In Figure 7-25, you’ll notice that the distance between the nodes varies. This means that in a continuous environment it will take a longer period of time to traverse the distances between the nodes that are farther apart. This, of course, assumes an equivalent terrain between nodes. However, in this case, the cost of moving between nodes would vary even though the terrain is equivalent. The cost would be equal to the distance between nodes.

We’ve discussed several different types of costs associated with moving between nodes. Although we tend to think of cost as being either time or distance, other possibilities exist, such as money, fuel, or other types of resources.
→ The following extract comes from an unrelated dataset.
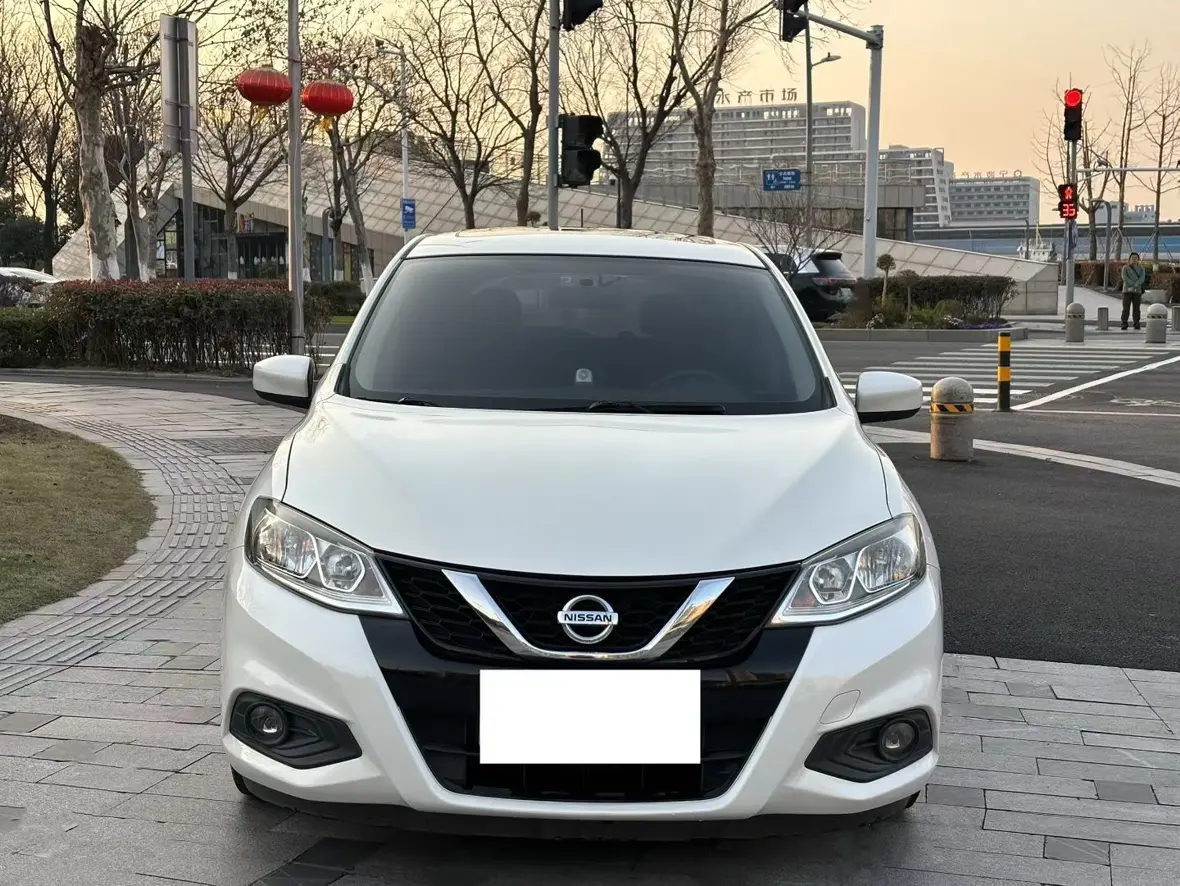Nissan Tiida  из Китая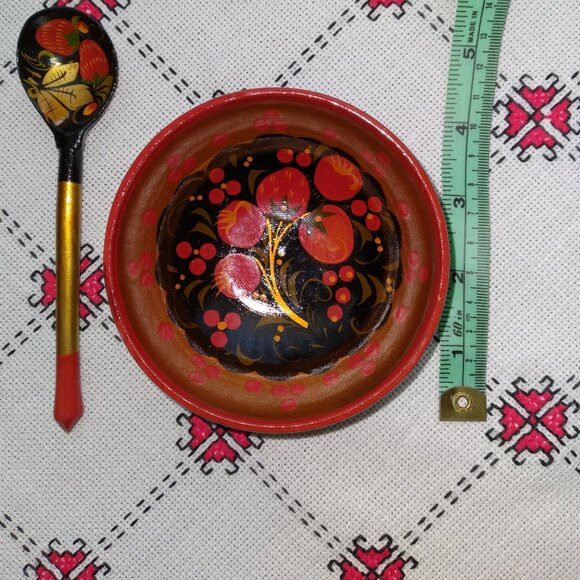 Vintage Unique Set of Wooden Plate & Spoon, Made in Ukraine - Picture 2 of 3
The previous section showed how different terrain elements can affect how the A∗ algorithm calculates a path. Terrain cost is usually something that the game designer hardcodes into the game world. Basically, we know beforehand where the grasslands, swamplands, hills, and rivers will be located. However, other elements can influence path cost when calculating a path with A∗. For example, nodes that pass through the line of sight of any enemy might present a higher cost. This isn’t a cost that you could build into a game level because the position of the game characters can change. Influence mapping is a way to vary the cost of the A∗ nodes depending on what is happening in the game. This is illustrated in Figure 7-26.

Figure 7-26. Influenced by the enemy firing zone

As Figure 7-26 shows, we have assigned a cost to each node. Unlike the terrain cost we showed you in the previous section, however, this cost is influenced by the position and orientation of the tank shown at position (8, 4). This influence map will change as the tank’s position and orientation change. Like the terrain cost from the previous section, the influence map cost will be added to each node’s s value when calculating possible paths. This will result in the tank’s target possibly taking a longer and slower route when building a path. However, the tiles in the line of fire still are passable, just at a higher cost. If no other path is available, or if the alternate paths have a higher cost, the game character will pass through the line of fire.

You can use influence mapping in other ways to make game characters seem smarter. You can record individual game incidents in an influence map. In this case, we aren’t using the position and orientation of a game character to build an influence map. We are instead using what the character does. For example, if the player repeatedly ambushes and kills computer-controlled characters at a given doorway, that doorway might increase in cost. The computer could then begin to build alternate paths whenever possible. To the player, this can make the computer-controlled characters seem very intelligent. It will appear as though they are learning from their mistakes. This technique is illustrated in Figure 7-27.

Figure 7-27. Influenced by the number of kills

The influence map illustrated in Figure 7-27 records the number of kills the player makes on each node. Each time the player makes a kill, that node increases in cost. For example, there might be a particular doorway where the player has discovered an ambush technique that has led to a series of successful kills. Instead of having the computer-controlled adversaries repeatedly pass through the same doorway, you could create perhaps a longer, but less costly path to offset the player’s tactical advantage.

Steven Woodcock reported in his “2003 Game Developer’s Conference AI Roundtable Moderator’s Report” that AI developers essentially considered pathfinding solved. Other game AI resources all over the Web echo this sentiment. What developers mean is that proven algorithms are available to solve pathfinding problems in a wide variety of game scenarios and most effort these days is focused on optimizing these methods. The workhorse pathfinding method is by far the A∗ algorithm. Current development effort is now focused on developing faster, more efficient A∗ algorithms. Game Programming Gems (Charles River Media) and AI Game Programming Wisdom (Charles River Media) contain several interesting articles on A∗ optimizations.